Since becoming a full-time member of the White Sox starting rotation, Gavin Floyd has won at least 10 games every season. He has made at least 29 starts over that time and his ERA has topped out at 4.37, even though he plays in one of the best ballparks to hit in. He signed a team-friendly contract back in 2009, where he received $25 million over five years. He is entering the final year of that contract and will earn $9.5 million in 2013.
While Floyd has been a solid starter and isn't breaking the bank, he also has never fully reached his potential. In 2008, he was 17-8 with a 3.84 ERA over 206⅓ innings. He has never reached any of those marks since. He became what he is: A guy that will take the ball and give you some real good games, a few real bad ones and will keep you in the game most of the time. That is still a valuable asset that a lot of teams are overpaying for on the free agent market.

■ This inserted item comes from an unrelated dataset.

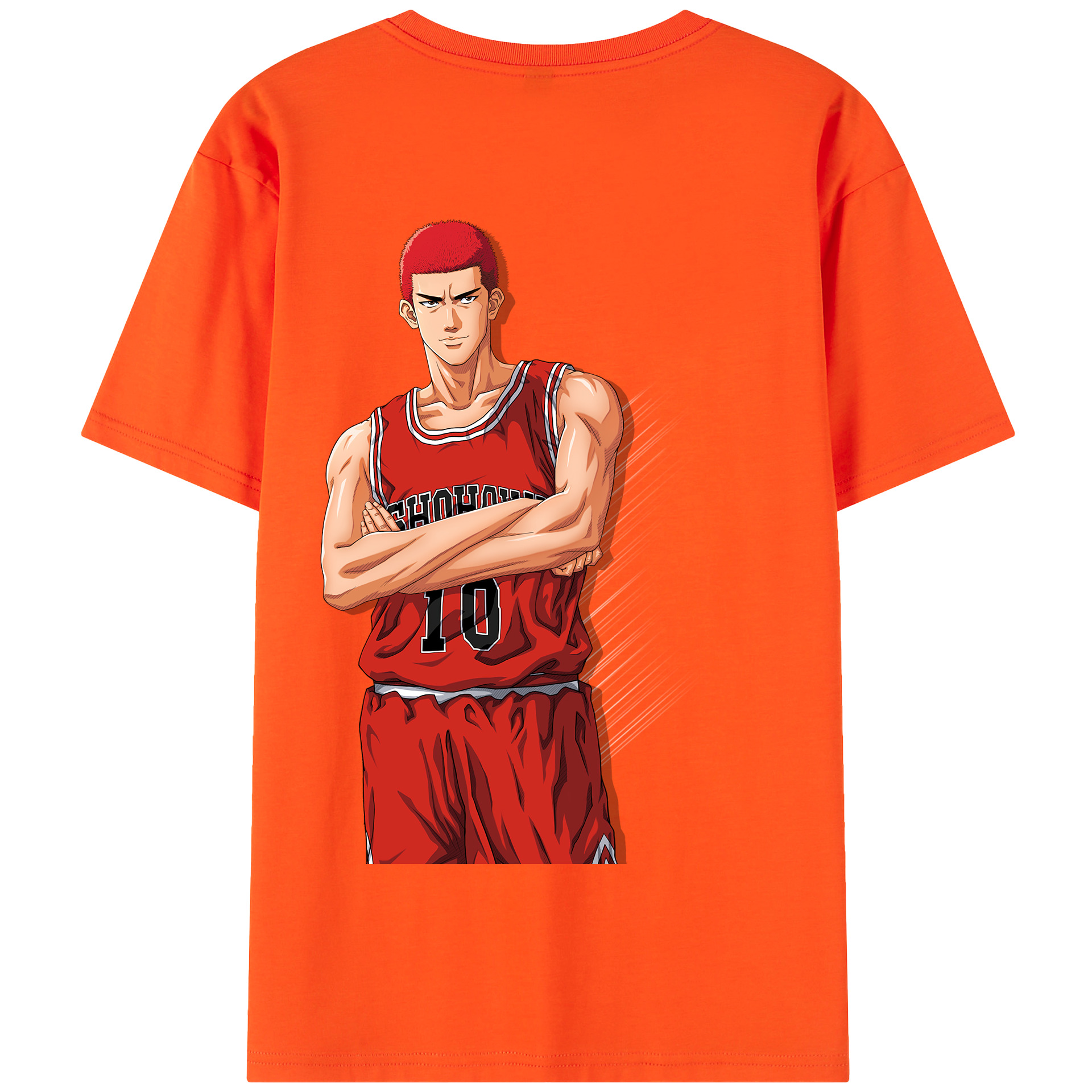 SLAM DUNK／スラムダンク 綿100％半袖Tシャツ（背面プリント）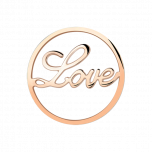 deCoin Ornament Love Roségold Small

The White Sox have a pretty solid rotation right now. If all goes well, Jake Peavy, Chris Sale, John Danks, Floyd and Jose Quintana can be put up against most teams one through five. However, Peavy and Sale are still question marks as far as durability goes. Danks is coming off of an injury that saw him miss most of 2012 and Quintana had a great start and tailed off down the stretch. Hector Santiago and Dylan Axelrod are the next guys in line if anything should happen to the front five. All of that leaves Floyd as the most reliable guy in your rotation.
That being said, if there is an offer for something that will improve the club down the line, I think you have to move him. Anibal Sanchez just received $80 million over five seasons from the Tigers. He is a little bit younger than Floyd and has a little less wear and tear on his arm, but they aren't all that different. Floyd will probably cash in strong with a good season this year. I don't want the White Sox to be the team that pays for him going forward.
So the smart move, in my opinion, would be to flip him. Get a bat. Get some prospects. You should be able to get something pretty decent for one season of Floyd. The Texas Rangers have to be a place that would be interested in Floyd. Maybe the Angels. How about the Blue Jays? A lot of teams are looking for pitching. There are still a couple of free agents in Kyle Lohse and Edwin Jackson but after that the pickings are slim.
There are also some free agent wild cards you could add to give the White Sox rotation some depth going forward. My personal preference would be to see if Edwin Jackson would take a deal in the $11-13 million range for a couple of seasons, but that is wishful thinking.
Marcum, 30, is 57-36 over his seven seasons with a 3.76 ERA. The Royals were the team linked to him the most this offseason but with them getting James Shields and Wade Davis that interest has tapered off. Marcum only threw 124 innings in 2012 and has had some issues staying healthy (he missed all of 2009), but he has been successful when on the mound. The White Sox keep guys on the mound better than most teams. Moving Floyd and signing Marcum wouldn't hurt the Sox and if all went well, could make them better. Especially when you factor in the return of Floyd.
Jurrjens, 26, was non-tendered earlier this off-season by the Atlanta Braves. He's had his own injury issues, as he only threw 48⅓ innings last year. However, Jurrjens was an all star in 2011, when he went 13-6 with a 2.96. In 2009, he was 14-10 with a 2.60. As a rookie in 2008, he was 13-10 with a 3.68. The guy has talent if he can remain healthy. I would think he'd be looking for a shorter term contract that would allow him to replenish some value and hit the market again in a year or two. I think he's a very good match for the White Sox.
Hernandez, 32, would be a bigger gamble than the other two. He had a great 2007, when he went 19-8 with a 3.06 ERA, but hasn't been nearly as successful since. He missed most of last season because of identity fraud in which it was found out that there really was no Frosty Corona and instead he was Roberto Hernandez. The year before he was 7-15 with a 5.25 ERA. He doesn't strike out a lot of guys, but is a master at getting ground balls (56.6% ground ball rate since 2008). This is a classic case of "Coop can fix 'em." The Rays were said to be nearing a deal with Hernandez, but it hasn't happened yet, so he is still out there.
With the options still available to replace Floyd in the rotation, I think you can move him, make a signing and let Herm Schneider and Don Cooper do what they are good at.